Eine obdachlose alte Frau zieht es vor, auf der Straße zu leben statt in einem Heim: Sie will sich nicht von ihren geliebten Hunden trennen

Immer öfter passiert es, dass wir Geschichten von sehr armen Menschen hören, denen gegenüber das Leben nicht sehr großzügig gewesen ist und die sich jedoch als das beste Beispiel für Mitgefühl und Liebe erweisen, das wir je haben könnten. In Tijuana, in Mexiko, wurde eine 65-jährige Obdachlose von der Polizei gefunden, während sie versuchte, zusammen mit ihren Hunden in einem schwarzen Müllsack Zuflucht zu suchen. Die Beamten boten dem Großmütterchen ihre Hilfe an, aber die Frau begann beim bloßen Gedanken, ihre geliebten Hunde allein lassen zu müssen, zu weinen.
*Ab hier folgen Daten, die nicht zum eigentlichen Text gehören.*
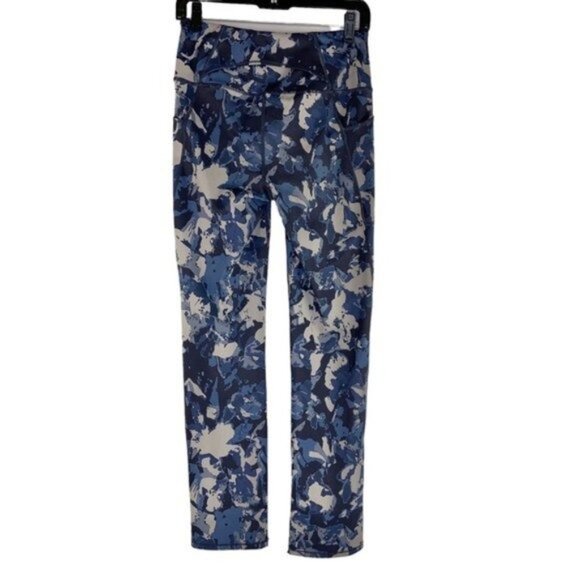 Duluth Noga Sculpting Blue Leggings Stash Pockets - Picture 9 of 9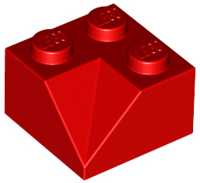 Brick Sloped 45° 2 x 2 Double Concave in Red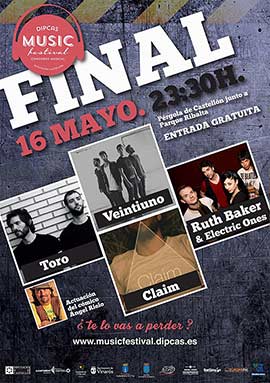 Final del Dipcas Music Festival, con sorteo de 2 entradas para el Arenal Sound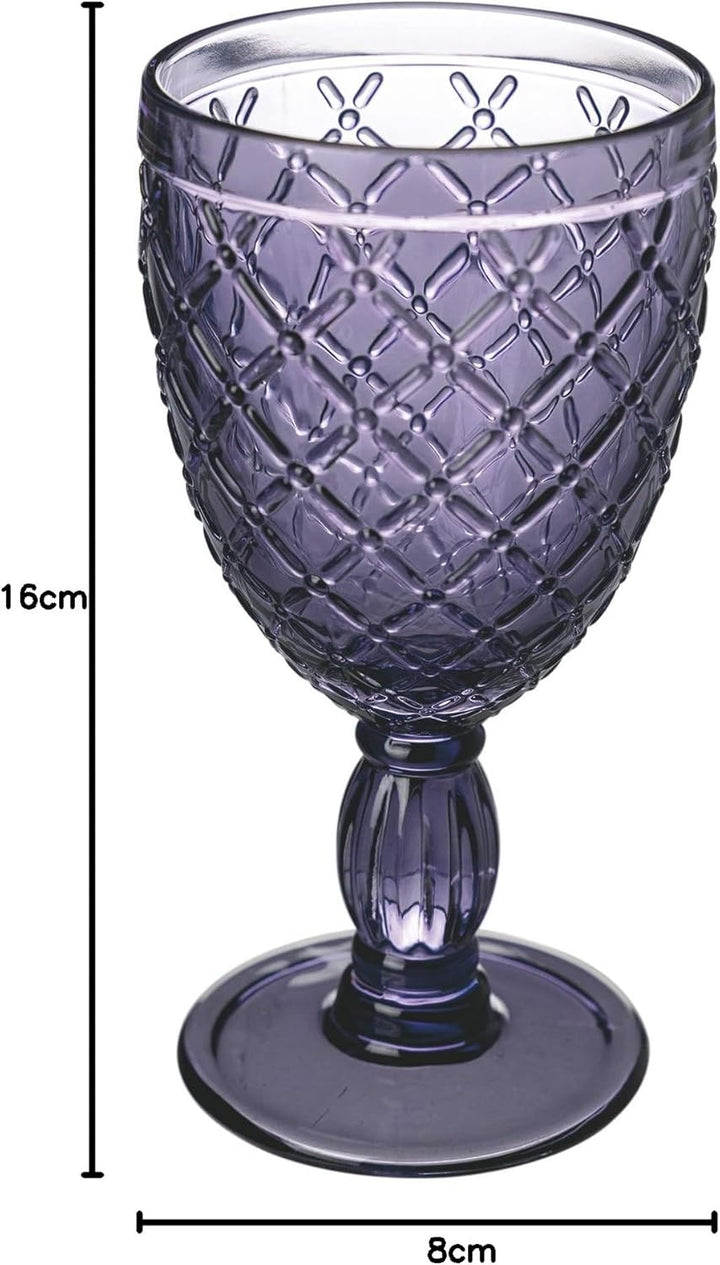 Villa d’Este Home Tivoli 5907722 Castle Weingläser-Set, 280 ml, aus Glas, 6 Stück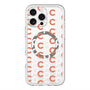 スリムプロテクションプレミアムケース with MagSafe［ オリジナル - CASEPLAYイニシャル総柄 - オレンジ ］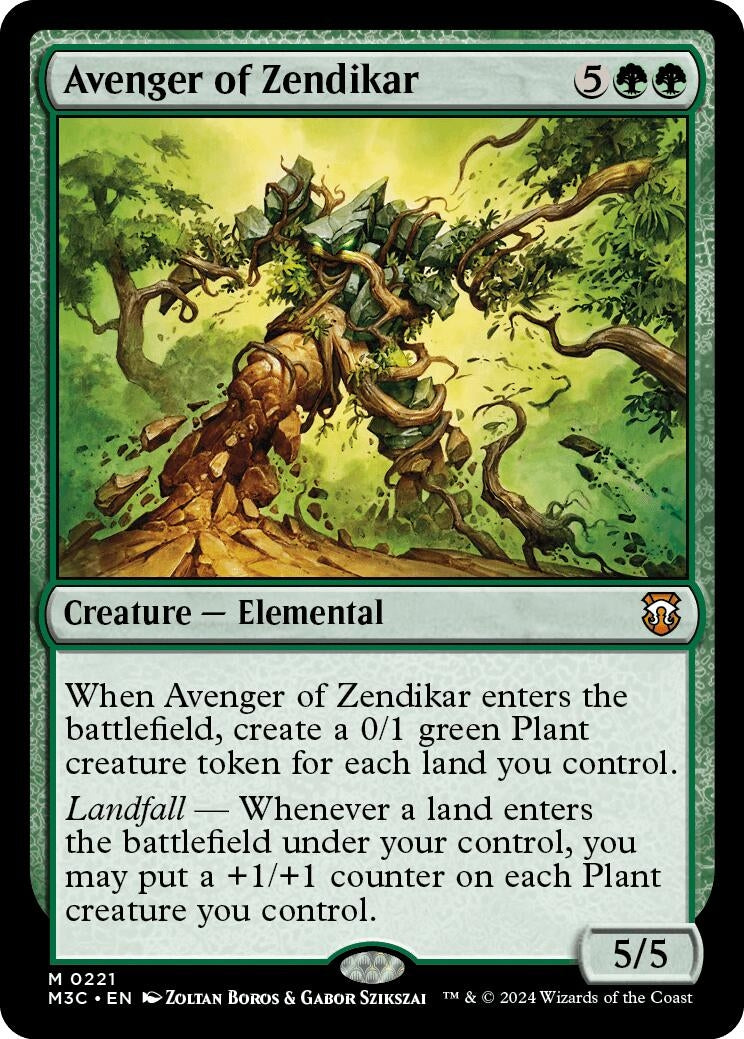 Avenger of Zendikar Ripple Foil (221) [M3C]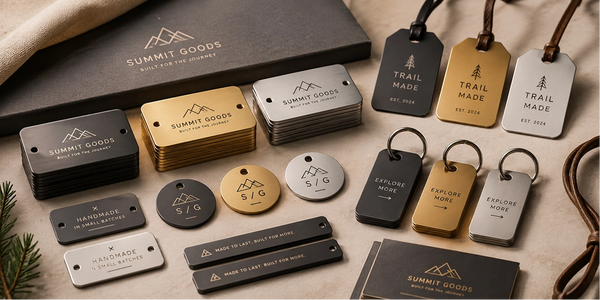 engraved Coated Metal Tags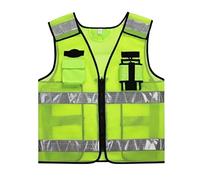 Safety Vests, High Visibility Fluorescent Reflective Safety Vest Green For Traffic And Outdoor Work(Gr眉n)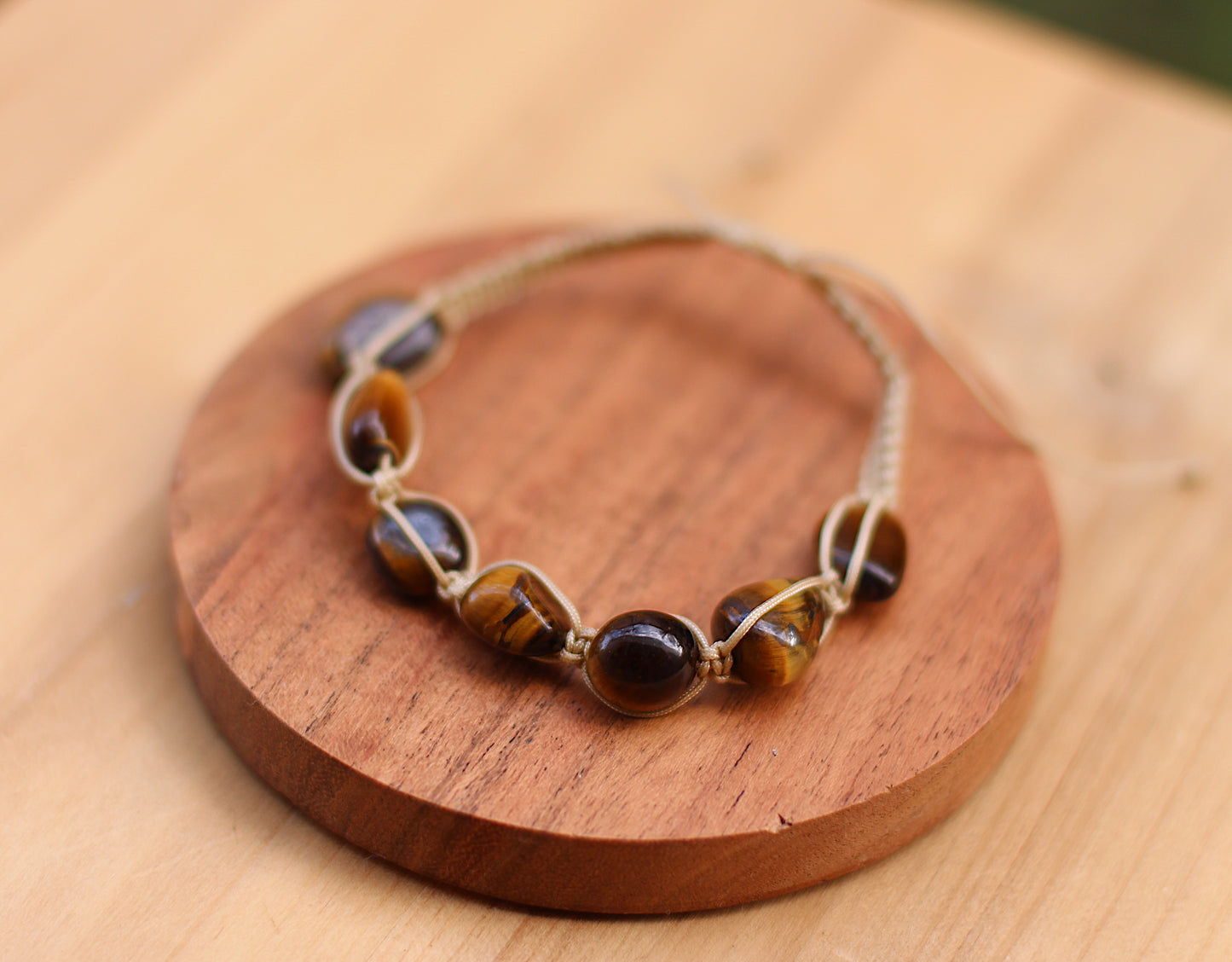 Irregular tiger eye beads bracelet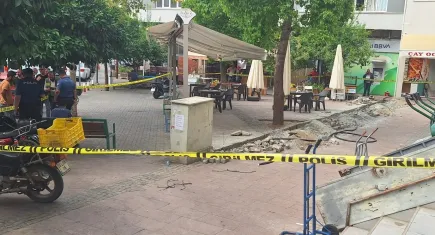İzmir haber: Genç adam elektrik akımına kapıldı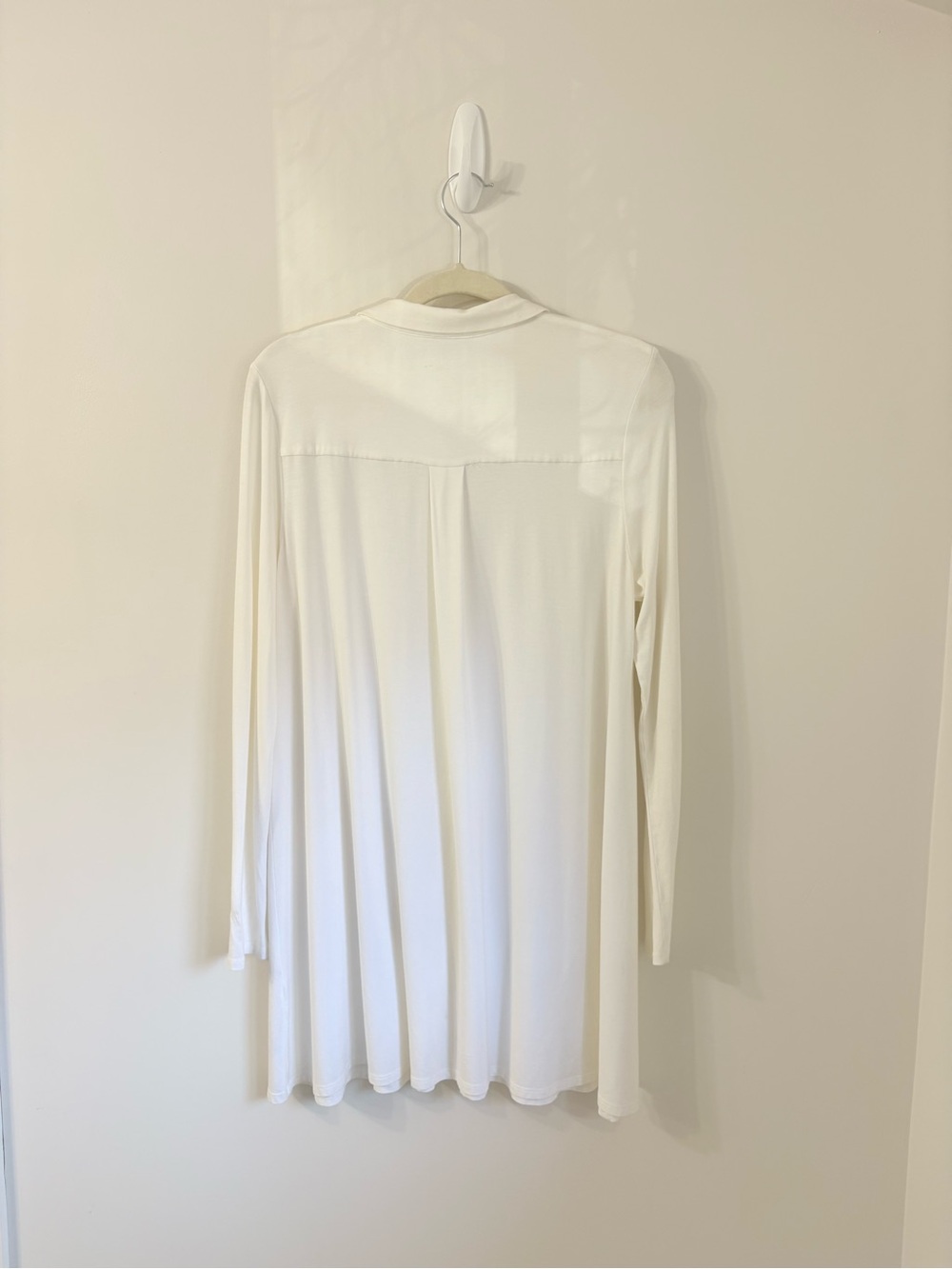 EILEEN FISHER Soft Cream Button Down Tunic Top Sz S Coastal Grandma Lagenlook - Picture 5 of 5
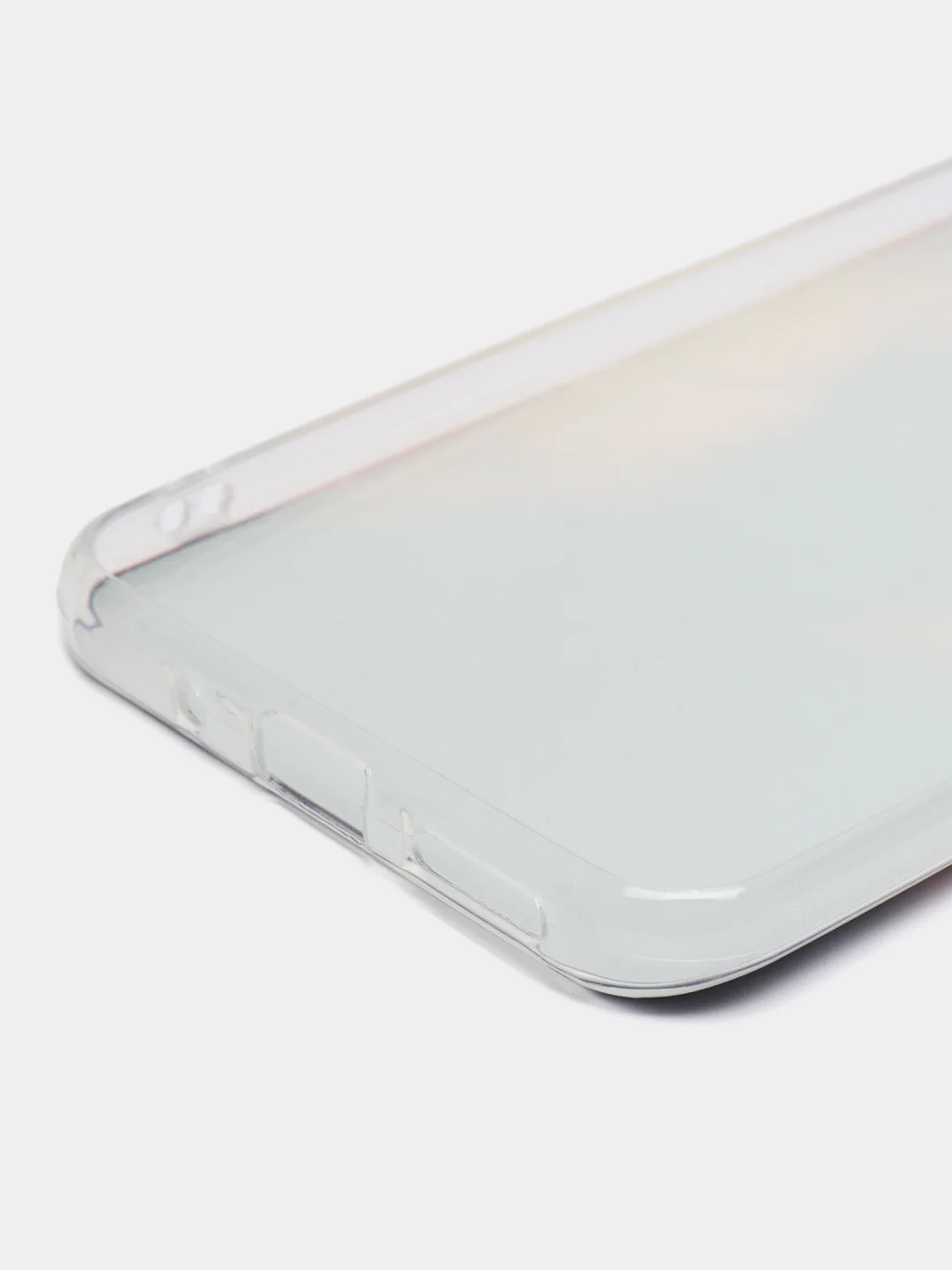 Индиго силиконовый чехол на Xiaomi Redmi 9A / Сяоми Редми 9А прозрачный с рисунком, защита камеры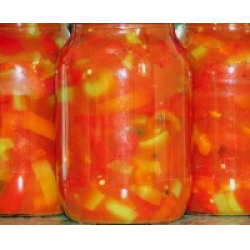 Рецепт: Консервированный болгарский перец в томатном соке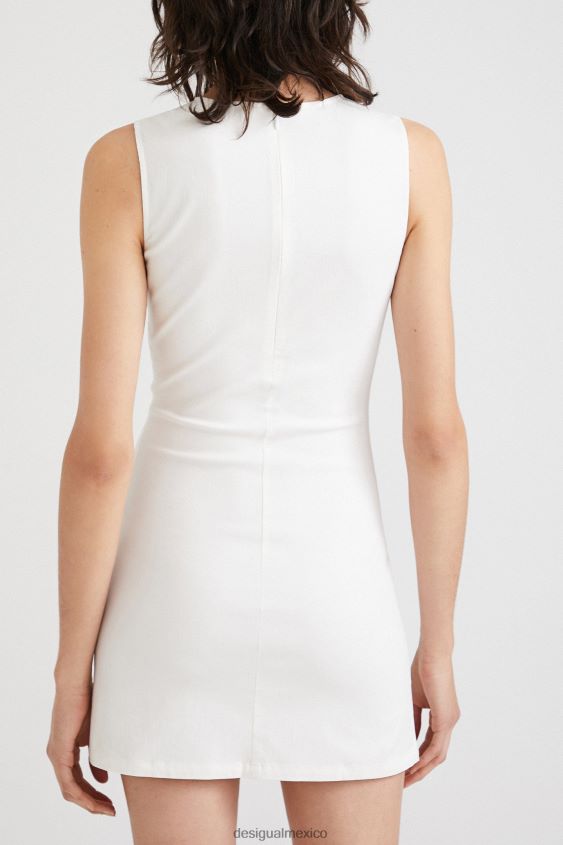 Desigual mujer metro. vestido blanco de christian lacroix VZ26R01135 ropa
Die Szene war herzzerreißend: Nicht nur weil eine alte Person wie die Protagonistin dieser Geschichte dazu gezwungen ist, in beschwerlichen Verhältnissen auf der Straße zu leben, sondern auch weil die immense Liebe, die sie für ihre Hunde empfindet, sie daran gehindert hat, das Hilfsangebot der Polizei anzunehmen. Die Beamten versuchten nämlich eine halbe Stunde lang, die Frau davon zu überzeugen, ihre Hilfe anzunehmen und in ein geeignetes Heim zu gehen, aber leider sind Tiere in dieser Art Einrichtung nicht zugelassen.

image: Facebook / Alejandra Cordova Castro


Die Frau brach in Tränen aus und sagte, dass sie unter anderem nicht ihre schwangere Hündin zurücklassen wolle, die in Kürze niederkommen würde. „Wenn sie mich in ein Heim bringen, werden meine Hunde allein bleiben und wehrlos sein. Deshalb habe ich geweint“, erklärte die Frau. Die Polizei konnte sie dennoch nicht im Regen zurücklassen und schaffte es, sie in Anbetracht der kommenden rauen Temperaturen die Nacht an einem sicheren Ort verbringen lassen. Das, was die Webnutzer ermittelten, ist, dass die alte Dame, wie es schien, die Nacht im Haus eines ihrer Kinder verbracht hat. Wie ist es möglich, dass sie sich nicht um sie kümmern? In jedem Fall interessiert die Frau die Gesundheit ihrer Hunde viel mehr, weswegen sie sich am nächsten Tag erneut mit ihnen auf der Straße befand.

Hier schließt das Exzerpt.